Dentro de toda esta realidade que traz os BRICs para o cenário da nova globalização, avançam, também, os primeiros contrapontos entre esses parceiros emergentes. No empenho de um novo vis-à-vis internacional, a China, em missões sucessivas ao Brasil, tem aprofundado o diálogo sobre assuntos, até há pouco, deliberadamente marginalizados, como, sobretudo, o problema da religião no subcontinente. Sustenta a cultura chinesa que o conceito de religião fugia a uma efetiva vigência na formação da sua identidade, esquiva à ideia de qualquer transcendência, diante das estritas éticas comportamentais, expressas pela sabedoria do Confucionismo ou de Lao-Tsé.

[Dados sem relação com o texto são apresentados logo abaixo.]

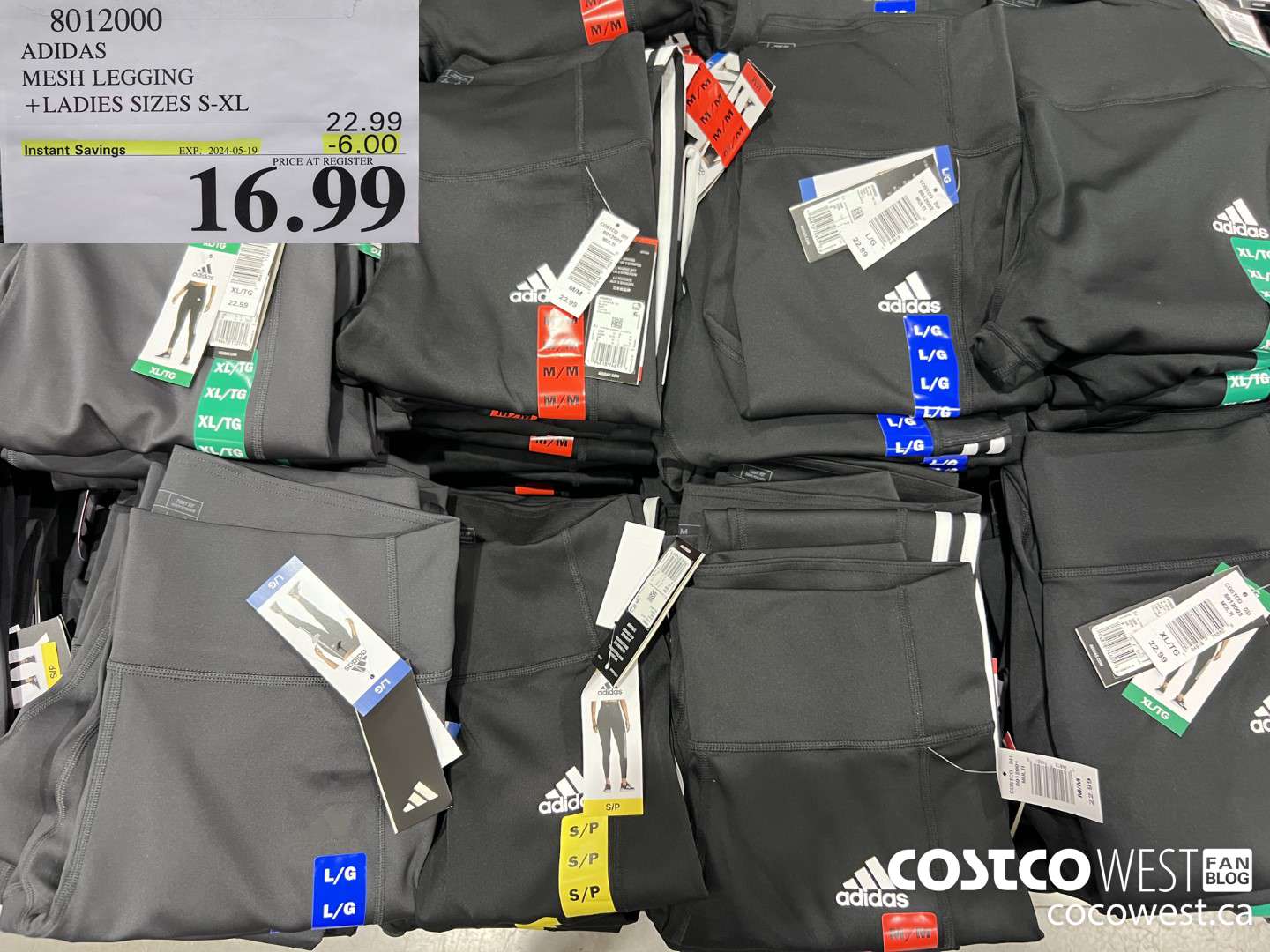 8012000 ADIDAS MESH LEGGING LADIES SIZES S-XXL ($6.00 INSTANT SAVINGS EXPIRES ON 2024-05-19) $16.99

Os primeiros contatos com o cristianismo, através da sensibilidade do jesuíta Matteo Ricci, no século XVI, entremostraram o equívoco de todo o possível missionarismo numa pregação religiosa. Ricci conquistou a admiração do Imperador Wan-Li e viveu várias décadas no país como o sábio Li Mateou, e ao debate sobre o teor filosófico e ético da ciência muito mais do que o da fé, deixada à vivência ocidental. Praticamente imune às religiões ocidentais até o século XIX, viveu a China o repúdio ao cristianismo, como bagagem do imperialismo franco-britânico, na sequência da Guerra do Ópio. O que fez Ricci no século XVI tentou o Padre Lowe, no começo do século XX, na busca cultural sem a pregação. Mas o experimento se viu sufocado pelo nacionalismo de direita de Sun Yat-sen e Chiang Kai-sheck, em nova associação da fé à dominação Ocidental.
O maoísmo, de vez, levaria ao marco-zero a viabilidade de convivência religiosa, com a nova e definitiva integração política do subcontinente. Meio século após, a religião é tolerada dentro de limites, precisos e expressos, em cinco grandes denominações: a do confucionismo, a do taoísmo, a do judaísmo, a do maometismo e, hoje, dentro do cristianismo, numa aculturação regrada, a do catolicismo. Fomenta a China de hoje a criação dos patriotas católicos, ou seja, de grupos de crentes que manifestam a sua ortodoxia de crença, mas não a subordinação ao Papa e ao Vaticano. São nove milhões de adeptos desta crença, num contraste com os seis milhões de católicos ortodoxos, mantidos na clandestinidade e numa absoluta falta de reconhecimento, inclusive com limitações de pleno acesso à cidadania política.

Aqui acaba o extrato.